*** Block opens ***
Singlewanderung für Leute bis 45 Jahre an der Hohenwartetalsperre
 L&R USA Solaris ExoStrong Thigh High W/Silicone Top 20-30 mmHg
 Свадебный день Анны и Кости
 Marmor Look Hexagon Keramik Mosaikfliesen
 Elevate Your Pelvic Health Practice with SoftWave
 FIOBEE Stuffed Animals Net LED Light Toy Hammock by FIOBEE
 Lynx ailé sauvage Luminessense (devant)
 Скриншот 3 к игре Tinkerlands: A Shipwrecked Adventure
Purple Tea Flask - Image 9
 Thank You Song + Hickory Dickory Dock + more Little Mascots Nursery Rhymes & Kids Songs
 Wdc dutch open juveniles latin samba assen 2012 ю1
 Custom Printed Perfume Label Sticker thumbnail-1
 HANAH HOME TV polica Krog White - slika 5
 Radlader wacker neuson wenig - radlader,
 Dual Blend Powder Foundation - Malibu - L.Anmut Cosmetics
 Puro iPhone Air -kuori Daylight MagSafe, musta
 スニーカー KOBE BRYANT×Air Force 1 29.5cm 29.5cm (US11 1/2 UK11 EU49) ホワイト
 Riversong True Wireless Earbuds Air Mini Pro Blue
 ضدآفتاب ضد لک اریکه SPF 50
*** Block closes ***
▶ _Try it_:
Every line of the listing is to be transcribed exactly.

▶ _Solution for this problem_:
Singlewanderung für Leute bis 45 Jahre an der Hohenwartetalsperre
 L&R USA Solaris ExoStrong Thigh High W/Silicone Top 20-30 mmHg
 Свадебный день Анны и Кости
 Marmor Look Hexagon Keramik Mosaikfliesen
 Elevate Your Pelvic Health Practice with SoftWave
 FIOBEE Stuffed Animals Net LED Light Toy Hammock by FIOBEE
 Lynx ailé sauvage Luminessense (devant)
 Скриншот 3 к игре Tinkerlands: A Shipwrecked Adventure
Purple Tea Flask - Image 9
 Thank You Song + Hickory Dickory Dock + more Little Mascots Nursery Rhymes & Kids Songs
 Wdc dutch open juveniles latin samba assen 2012 ю1
 Custom Printed Perfume Label Sticker thumbnail-1
 HANAH HOME TV polica Krog White - slika 5
 Radlader wacker neuson wenig - radlader,
 Dual Blend Powder Foundation - Malibu - L.Anmut Cosmetics
 Puro iPhone Air -kuori Daylight MagSafe, musta
 スニーカー KOBE BRYANT×Air Force 1 29.5cm 29.5cm (US11 1/2 UK11 EU49) ホワイト
 Riversong True Wireless Earbuds Air Mini Pro Blue
 ضدآفتاب ضد لک اریکه SPF 50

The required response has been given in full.